La forza creatrice di Dumas è pressoché identica a quella di Balzac e scriveva ancora più male di lui. Non bisogna trascurare che la sua opera è anche una galleria di personaggi fra i quali, contrariamente all’uso romantico, il manicheismo è assente. D’Artagnan è epico: ci sono dei momenti alla Walter Scott o alla Pixérecourt, ma anche alla Crébillon, altrettanto scetticismo ed entusiasmo, è completo. Vilfort si butta nel crimine ma per tappe e senza mai perdere il senso della probità, il suo gusto della giustizia e anche una certa gentilezza: subisce una passione, quella dell’arrivismo. Caderousse è un bandito pigro, tanto vigliacco quanto temerario, maligno e sconsiderato, un meridionale che è salito alla fortezza settentrionale di Parigi dove risuona lo slogan Arricchitevi! mischiato al grido di rabbia di coloro dai quali l’arricchimento dipende.

Le Senne, dopo Bergson, ha sottolineato che c’è nell’istante che viviamo quello che segue, e anche se noi sappiamo come l’impiegheremo, esso ci è sospeso davanti come una rivelazione. Tale è la forza creatrice, epigenetica, della durata. “E’”, scrive Le Senne, “questa singolarità che farà il valore dell’istante”. Non sospettava di aver scoperto il segreto dei romanzi. E’ romanziere chi penetra in un nuovo capitolo come si penetra in un nuovo istante, sapendo cosa si vuol fare ma ignorando la sottile rivelazione che si verificherà. Dumas è romanziere perché se Calderousse e Andrea fanno colazione insieme, il primo per esercitare il ricatto sul secondo, la scena banale acquista un valore indimenticabile nella durata. La vittima ha appetito e il suo seviziatore, fedele alla cucina mediterranea, prova piacere nel gratinare il pesce, a mischiare l’aglio all’olio, la noce moscata al chiodo di garofano. Sono inclini a distruggersi reciprocamente, ma fra i due, come all’interno di una parentesi, c’è un’intesa che procura loro un attimo di felicità. Nulla cambierà. La trama della colazione resta intatta, conformemente al piano dell’autore, ma questa colazione è unica perché non è riducibile alla sua trama. Non si tratta di una prerogativa tecnica, ma di un dono che permette al romanziere di eguagliare lo scorrere della vita.

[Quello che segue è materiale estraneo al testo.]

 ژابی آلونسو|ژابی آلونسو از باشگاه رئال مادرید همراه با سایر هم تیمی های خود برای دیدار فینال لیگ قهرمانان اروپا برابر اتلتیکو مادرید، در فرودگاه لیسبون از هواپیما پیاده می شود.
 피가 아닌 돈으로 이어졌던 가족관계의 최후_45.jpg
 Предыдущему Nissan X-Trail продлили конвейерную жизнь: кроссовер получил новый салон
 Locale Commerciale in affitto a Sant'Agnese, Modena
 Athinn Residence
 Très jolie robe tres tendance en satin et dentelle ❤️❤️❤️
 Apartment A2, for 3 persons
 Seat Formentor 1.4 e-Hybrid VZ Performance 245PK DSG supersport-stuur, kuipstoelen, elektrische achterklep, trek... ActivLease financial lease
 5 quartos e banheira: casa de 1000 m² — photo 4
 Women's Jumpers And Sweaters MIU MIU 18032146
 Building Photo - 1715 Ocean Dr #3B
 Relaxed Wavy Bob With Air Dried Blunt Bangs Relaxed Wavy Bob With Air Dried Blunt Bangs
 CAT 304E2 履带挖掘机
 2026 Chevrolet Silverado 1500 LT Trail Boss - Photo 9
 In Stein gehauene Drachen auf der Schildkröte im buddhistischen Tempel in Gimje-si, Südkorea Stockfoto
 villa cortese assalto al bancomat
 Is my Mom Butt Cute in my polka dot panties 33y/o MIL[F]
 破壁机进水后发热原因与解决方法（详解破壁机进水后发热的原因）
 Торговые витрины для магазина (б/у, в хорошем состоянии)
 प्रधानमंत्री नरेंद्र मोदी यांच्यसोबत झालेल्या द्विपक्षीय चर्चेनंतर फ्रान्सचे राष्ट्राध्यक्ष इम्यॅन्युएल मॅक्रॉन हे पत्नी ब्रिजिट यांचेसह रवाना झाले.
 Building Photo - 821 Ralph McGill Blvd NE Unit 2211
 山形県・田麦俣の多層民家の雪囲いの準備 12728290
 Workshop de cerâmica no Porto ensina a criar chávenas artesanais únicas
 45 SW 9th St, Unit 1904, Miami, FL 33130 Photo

Gli storici della letteratura che non citano Dumas se non per il suo seccante teatro (poiché ha avviato il teatro romantico francese) trascurano stupidamente il dono del Dumas romanziere, a tutt’oggi dunque non pienamente elargito.

Magazine littéraire” n° 72, Janvier 1973

Nota di redazione: I tre moschettieri e Il Conte di Montecristo non abbisognano di alcuna notazione, tanto sono famosi e ristampati. Diverso ci sembra il caso de I quarantacinque, un romanzo del “ciclo dei Valois” che ricordiamo in una vecchia edizione popolare dell’indimenticato Lucchi, ma che in anni più recenti ci sembra di ricordare sia stato ristampato, annotato insieme agli altri del ciclo, con una prefazione del bravo Luigi Baccolo.